Dr. David Kirkby (Kirkby Microwave Ltd) drkirkby at kirkbymicrowave.co.uk
Mon Sep 18 12:31:10 EDT 2017


On 18 Sep 2017 00:43, "Charles Steinmetz" <csteinmetz at yandex.com> wrote:
>

> Also, since you said the waveguide is aluminum (and didn't say anything
about plating), be aware that aluminum exposed to air is covered by a thin
aluminum oxide layer (Al2O3), which forms within seconds after a new
surface is exposed.  This layer is thin -- generally about 4 nm -- but the
bulk resistivity of Al2O3 is very high, so there is a finite and variable
resistance across the interface between two joined pieces of aluminum
(depending on the area of the joint, the joining pressure, and the extent
to which the joining method produces a clean [oxide-free], gas-tight
interface between the joined surfaces).
>
> Best regards,
>
> Charles

Thanks.  You have confirmed what I was thinking - it is *probably* the
oxide causing the problem.

It's not a waveguide in the normal sense of the word, transmitting a TE or
TM wave down a hollow tube,  but more like a coaxial line transmitting
something close(ish) to a TEM wave. The outer conductor is uncoated
aluminum and rectangular in cross section.  The inner conductor is brass.
See pictures attached (I made them small, so quality his not great, but it
should not too use much bandwidth)

Attached are a couple of pictures, and also S11 measured on a VNA, with one
connector shorted Since this is a reflection measurement, the EM wave
travellels along this twice, so about half the loss would be in each
direction. It is only a rough measurement, but a transmission measurement
showed similar results, but half as much attenuation, as it is only being
attenuated one way.

Maybe I need to use brass, or silver plate the aluminum.

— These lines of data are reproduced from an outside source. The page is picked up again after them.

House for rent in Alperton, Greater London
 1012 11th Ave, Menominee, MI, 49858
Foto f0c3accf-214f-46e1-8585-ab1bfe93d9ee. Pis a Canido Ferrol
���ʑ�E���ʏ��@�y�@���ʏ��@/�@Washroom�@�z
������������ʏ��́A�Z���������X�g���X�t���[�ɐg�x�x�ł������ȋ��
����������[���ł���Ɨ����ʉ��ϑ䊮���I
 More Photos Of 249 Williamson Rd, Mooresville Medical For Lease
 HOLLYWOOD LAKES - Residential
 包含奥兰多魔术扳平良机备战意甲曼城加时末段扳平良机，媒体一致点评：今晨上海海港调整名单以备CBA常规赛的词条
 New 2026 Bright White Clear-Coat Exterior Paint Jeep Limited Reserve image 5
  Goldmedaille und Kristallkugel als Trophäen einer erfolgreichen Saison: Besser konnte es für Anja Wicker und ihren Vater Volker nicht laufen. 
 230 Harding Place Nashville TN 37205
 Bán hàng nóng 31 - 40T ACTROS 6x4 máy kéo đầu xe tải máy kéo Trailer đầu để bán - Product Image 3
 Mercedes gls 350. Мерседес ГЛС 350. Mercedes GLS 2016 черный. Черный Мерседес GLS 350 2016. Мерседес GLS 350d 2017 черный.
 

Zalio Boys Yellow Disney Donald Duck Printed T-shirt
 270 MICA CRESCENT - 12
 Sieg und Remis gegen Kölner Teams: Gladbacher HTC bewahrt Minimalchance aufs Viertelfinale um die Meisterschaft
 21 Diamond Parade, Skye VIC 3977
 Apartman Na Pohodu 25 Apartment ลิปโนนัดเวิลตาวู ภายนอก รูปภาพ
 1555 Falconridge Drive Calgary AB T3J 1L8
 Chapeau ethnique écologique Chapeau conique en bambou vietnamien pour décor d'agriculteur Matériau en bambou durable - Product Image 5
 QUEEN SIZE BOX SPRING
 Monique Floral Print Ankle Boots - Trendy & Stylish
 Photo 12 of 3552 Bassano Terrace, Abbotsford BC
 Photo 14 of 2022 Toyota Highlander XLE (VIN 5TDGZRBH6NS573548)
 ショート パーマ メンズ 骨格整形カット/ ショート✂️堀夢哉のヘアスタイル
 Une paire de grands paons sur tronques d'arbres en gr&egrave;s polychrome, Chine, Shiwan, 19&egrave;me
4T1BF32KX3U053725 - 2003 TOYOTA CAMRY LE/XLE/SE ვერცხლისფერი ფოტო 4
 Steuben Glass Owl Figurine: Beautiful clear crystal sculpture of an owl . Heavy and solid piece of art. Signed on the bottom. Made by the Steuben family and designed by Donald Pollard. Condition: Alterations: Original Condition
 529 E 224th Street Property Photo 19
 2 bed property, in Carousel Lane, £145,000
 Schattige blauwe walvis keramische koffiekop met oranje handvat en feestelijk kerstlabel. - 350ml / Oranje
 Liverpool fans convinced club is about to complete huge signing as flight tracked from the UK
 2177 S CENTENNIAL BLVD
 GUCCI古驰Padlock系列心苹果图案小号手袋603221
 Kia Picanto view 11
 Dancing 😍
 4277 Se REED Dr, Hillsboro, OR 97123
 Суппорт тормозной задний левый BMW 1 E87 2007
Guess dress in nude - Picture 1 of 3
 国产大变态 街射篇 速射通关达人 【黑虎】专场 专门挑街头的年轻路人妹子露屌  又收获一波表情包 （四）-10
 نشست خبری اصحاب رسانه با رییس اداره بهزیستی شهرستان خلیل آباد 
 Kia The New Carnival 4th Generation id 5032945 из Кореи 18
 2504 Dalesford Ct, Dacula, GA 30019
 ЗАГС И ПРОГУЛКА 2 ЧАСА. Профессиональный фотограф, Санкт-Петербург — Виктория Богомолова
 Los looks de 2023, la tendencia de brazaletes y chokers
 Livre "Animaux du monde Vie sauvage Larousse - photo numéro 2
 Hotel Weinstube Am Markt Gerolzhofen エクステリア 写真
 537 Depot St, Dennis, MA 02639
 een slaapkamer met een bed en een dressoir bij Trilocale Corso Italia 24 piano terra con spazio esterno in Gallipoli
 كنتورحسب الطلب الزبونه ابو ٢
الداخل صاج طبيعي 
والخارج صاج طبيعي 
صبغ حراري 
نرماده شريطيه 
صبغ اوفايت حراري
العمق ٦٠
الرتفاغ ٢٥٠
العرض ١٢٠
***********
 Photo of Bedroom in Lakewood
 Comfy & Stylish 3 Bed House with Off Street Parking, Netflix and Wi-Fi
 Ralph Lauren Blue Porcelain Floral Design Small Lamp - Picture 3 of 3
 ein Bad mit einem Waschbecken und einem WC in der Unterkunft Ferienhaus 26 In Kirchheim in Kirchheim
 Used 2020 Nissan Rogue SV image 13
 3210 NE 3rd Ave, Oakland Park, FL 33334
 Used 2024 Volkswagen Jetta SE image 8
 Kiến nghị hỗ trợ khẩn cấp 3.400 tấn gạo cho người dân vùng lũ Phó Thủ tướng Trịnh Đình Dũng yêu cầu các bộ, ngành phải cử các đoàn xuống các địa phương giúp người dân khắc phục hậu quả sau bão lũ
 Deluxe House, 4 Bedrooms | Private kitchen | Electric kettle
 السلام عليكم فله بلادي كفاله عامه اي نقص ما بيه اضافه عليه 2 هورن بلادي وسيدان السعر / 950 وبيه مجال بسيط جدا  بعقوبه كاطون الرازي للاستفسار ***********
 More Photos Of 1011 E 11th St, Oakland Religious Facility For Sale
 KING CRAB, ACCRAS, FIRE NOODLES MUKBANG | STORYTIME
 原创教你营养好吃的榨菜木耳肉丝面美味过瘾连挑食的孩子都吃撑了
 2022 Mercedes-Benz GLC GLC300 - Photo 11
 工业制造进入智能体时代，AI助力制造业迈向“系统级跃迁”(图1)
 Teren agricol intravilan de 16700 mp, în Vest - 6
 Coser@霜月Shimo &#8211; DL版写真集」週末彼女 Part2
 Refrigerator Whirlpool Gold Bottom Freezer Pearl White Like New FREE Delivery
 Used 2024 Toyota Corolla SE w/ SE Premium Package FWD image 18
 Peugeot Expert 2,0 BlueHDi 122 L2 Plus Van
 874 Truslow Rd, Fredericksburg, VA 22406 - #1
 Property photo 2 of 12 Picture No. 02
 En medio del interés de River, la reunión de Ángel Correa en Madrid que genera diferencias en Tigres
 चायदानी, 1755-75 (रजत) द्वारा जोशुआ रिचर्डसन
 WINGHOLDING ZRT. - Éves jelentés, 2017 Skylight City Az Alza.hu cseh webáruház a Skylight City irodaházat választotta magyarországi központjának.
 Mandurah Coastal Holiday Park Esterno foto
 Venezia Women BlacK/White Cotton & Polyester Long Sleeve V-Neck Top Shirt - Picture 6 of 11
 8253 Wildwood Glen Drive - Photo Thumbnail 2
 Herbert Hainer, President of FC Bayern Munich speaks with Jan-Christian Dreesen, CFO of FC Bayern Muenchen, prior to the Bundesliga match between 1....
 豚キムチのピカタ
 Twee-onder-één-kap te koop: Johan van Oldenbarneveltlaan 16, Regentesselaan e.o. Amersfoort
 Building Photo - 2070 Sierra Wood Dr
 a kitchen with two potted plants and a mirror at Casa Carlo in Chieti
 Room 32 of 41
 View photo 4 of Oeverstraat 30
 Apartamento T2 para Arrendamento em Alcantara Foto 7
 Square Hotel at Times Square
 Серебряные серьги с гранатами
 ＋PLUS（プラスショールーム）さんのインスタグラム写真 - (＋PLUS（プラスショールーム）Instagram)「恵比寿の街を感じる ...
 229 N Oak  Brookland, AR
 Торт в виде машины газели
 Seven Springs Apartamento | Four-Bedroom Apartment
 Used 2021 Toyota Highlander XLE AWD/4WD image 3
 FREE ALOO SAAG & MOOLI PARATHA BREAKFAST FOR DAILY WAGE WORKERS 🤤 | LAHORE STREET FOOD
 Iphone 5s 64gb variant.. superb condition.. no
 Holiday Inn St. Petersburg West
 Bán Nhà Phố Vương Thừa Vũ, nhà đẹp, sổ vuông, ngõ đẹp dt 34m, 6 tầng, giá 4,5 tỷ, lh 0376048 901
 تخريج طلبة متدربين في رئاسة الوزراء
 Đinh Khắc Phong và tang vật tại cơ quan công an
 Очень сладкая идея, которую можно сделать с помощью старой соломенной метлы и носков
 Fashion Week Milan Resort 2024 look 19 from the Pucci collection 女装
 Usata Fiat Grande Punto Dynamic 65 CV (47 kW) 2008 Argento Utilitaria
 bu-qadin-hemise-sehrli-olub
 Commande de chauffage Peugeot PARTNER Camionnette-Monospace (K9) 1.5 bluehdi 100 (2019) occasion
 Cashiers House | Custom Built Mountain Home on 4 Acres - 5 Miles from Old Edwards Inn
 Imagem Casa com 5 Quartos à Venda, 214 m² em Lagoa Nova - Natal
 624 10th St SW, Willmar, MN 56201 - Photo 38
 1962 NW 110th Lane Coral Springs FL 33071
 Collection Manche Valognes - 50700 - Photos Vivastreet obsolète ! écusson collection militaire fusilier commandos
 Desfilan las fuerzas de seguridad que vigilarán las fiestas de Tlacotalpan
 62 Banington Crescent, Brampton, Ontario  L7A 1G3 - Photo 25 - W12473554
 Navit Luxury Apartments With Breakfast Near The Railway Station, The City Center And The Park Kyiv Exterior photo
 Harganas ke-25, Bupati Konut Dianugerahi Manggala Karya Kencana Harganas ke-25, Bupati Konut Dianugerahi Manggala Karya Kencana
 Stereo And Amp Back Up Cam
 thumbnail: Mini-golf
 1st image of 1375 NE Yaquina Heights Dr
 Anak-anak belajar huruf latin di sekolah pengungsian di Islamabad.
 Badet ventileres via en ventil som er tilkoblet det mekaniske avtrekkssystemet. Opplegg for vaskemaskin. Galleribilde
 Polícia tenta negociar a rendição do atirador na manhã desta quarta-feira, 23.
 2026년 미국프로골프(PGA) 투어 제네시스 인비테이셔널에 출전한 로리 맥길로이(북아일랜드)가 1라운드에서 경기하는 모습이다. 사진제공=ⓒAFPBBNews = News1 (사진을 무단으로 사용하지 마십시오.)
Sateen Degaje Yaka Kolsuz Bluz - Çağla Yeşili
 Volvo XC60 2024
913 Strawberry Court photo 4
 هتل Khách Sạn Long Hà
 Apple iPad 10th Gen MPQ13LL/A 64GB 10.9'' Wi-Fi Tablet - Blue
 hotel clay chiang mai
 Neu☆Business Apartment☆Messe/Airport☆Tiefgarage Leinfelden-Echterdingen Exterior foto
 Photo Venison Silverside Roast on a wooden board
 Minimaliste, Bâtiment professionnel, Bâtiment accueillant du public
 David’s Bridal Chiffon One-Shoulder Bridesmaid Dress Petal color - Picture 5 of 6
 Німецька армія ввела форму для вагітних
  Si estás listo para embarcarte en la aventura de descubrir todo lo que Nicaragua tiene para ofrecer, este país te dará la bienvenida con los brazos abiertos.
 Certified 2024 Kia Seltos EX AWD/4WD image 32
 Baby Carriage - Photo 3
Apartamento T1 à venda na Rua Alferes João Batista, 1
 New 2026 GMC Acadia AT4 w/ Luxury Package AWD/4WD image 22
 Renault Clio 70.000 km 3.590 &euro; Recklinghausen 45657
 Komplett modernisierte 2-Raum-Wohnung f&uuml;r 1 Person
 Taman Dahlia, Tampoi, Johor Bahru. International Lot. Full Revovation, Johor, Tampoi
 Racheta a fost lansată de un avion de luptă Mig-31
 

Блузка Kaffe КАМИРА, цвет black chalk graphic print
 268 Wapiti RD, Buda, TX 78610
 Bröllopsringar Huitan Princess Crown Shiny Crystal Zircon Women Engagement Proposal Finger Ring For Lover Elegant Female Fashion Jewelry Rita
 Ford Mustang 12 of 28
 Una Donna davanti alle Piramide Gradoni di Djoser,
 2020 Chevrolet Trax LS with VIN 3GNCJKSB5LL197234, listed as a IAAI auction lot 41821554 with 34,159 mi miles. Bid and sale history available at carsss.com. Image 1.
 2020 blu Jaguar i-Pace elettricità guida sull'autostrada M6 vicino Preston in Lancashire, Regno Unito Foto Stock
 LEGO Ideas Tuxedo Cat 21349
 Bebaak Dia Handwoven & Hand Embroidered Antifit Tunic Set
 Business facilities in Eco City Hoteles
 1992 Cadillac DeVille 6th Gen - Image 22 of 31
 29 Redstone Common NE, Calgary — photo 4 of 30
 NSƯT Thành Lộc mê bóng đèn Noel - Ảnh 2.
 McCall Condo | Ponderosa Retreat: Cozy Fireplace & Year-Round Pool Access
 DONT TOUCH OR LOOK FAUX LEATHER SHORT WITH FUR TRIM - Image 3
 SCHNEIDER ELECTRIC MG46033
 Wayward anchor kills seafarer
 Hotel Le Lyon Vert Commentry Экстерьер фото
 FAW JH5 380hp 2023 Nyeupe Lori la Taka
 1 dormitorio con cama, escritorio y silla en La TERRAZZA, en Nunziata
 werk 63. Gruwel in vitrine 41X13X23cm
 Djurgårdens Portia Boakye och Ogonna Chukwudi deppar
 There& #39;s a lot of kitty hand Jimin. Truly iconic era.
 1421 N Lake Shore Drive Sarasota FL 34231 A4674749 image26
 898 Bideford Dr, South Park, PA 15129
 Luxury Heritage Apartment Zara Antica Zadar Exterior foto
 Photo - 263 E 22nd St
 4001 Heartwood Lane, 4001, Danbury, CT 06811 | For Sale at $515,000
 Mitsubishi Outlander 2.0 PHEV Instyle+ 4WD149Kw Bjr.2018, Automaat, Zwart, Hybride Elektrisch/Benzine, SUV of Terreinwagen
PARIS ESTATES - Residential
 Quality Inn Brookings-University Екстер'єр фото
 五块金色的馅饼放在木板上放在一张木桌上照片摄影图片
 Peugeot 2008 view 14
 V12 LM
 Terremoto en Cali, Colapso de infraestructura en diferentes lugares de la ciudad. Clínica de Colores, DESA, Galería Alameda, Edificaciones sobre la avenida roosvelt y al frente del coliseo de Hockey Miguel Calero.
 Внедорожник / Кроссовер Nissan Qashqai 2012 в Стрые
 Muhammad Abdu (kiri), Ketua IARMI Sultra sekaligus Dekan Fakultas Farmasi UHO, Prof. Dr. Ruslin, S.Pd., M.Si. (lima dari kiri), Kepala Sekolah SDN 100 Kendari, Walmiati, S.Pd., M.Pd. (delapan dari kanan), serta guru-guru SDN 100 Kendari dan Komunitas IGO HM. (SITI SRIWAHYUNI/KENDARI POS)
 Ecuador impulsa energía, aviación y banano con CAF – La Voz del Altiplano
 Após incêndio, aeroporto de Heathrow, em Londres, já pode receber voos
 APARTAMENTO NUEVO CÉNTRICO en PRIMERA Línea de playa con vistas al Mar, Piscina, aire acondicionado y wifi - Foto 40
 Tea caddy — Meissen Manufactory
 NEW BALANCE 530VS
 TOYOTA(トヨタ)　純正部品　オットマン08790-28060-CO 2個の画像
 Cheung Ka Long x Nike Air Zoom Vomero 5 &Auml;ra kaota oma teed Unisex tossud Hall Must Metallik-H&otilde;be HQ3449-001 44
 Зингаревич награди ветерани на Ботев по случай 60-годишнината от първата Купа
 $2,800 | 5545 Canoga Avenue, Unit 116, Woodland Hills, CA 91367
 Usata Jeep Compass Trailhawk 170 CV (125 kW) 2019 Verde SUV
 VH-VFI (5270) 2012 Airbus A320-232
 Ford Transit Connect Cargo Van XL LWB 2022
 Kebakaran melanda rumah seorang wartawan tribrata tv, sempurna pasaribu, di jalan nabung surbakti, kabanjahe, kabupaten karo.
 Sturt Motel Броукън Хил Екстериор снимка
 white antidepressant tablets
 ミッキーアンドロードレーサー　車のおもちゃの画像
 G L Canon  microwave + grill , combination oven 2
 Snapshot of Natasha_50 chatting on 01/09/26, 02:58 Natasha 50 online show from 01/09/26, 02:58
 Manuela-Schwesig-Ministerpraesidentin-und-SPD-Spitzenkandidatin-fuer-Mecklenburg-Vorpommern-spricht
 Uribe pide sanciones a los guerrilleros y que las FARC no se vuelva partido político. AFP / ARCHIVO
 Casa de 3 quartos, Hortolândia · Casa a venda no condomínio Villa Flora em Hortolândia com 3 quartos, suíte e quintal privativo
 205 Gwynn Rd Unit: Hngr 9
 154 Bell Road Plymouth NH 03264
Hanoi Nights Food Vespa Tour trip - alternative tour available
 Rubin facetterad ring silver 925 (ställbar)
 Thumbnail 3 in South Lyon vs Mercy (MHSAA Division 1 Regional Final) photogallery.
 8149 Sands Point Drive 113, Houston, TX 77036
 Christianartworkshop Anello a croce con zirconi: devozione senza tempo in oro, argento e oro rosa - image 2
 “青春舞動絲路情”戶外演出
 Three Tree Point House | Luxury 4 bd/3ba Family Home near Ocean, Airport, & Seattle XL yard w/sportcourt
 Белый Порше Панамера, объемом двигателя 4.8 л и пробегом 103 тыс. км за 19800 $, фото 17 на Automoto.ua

The purpose of this was to measure the loss of a very low loss liquid
dielectric, but from discussions I had with someone at NPL, such a
structure is not suitable if the loss is very low.

Anyway, I have put it an offer on a Keithley microohm meter. I notice there
are a lot of Chinese ones at quite low priced. I've no idea how good/bad
they are. But they are much more modern and cheaper than an *affordable*
Kiethley meter. A Keithley 2002 is well outside my budget.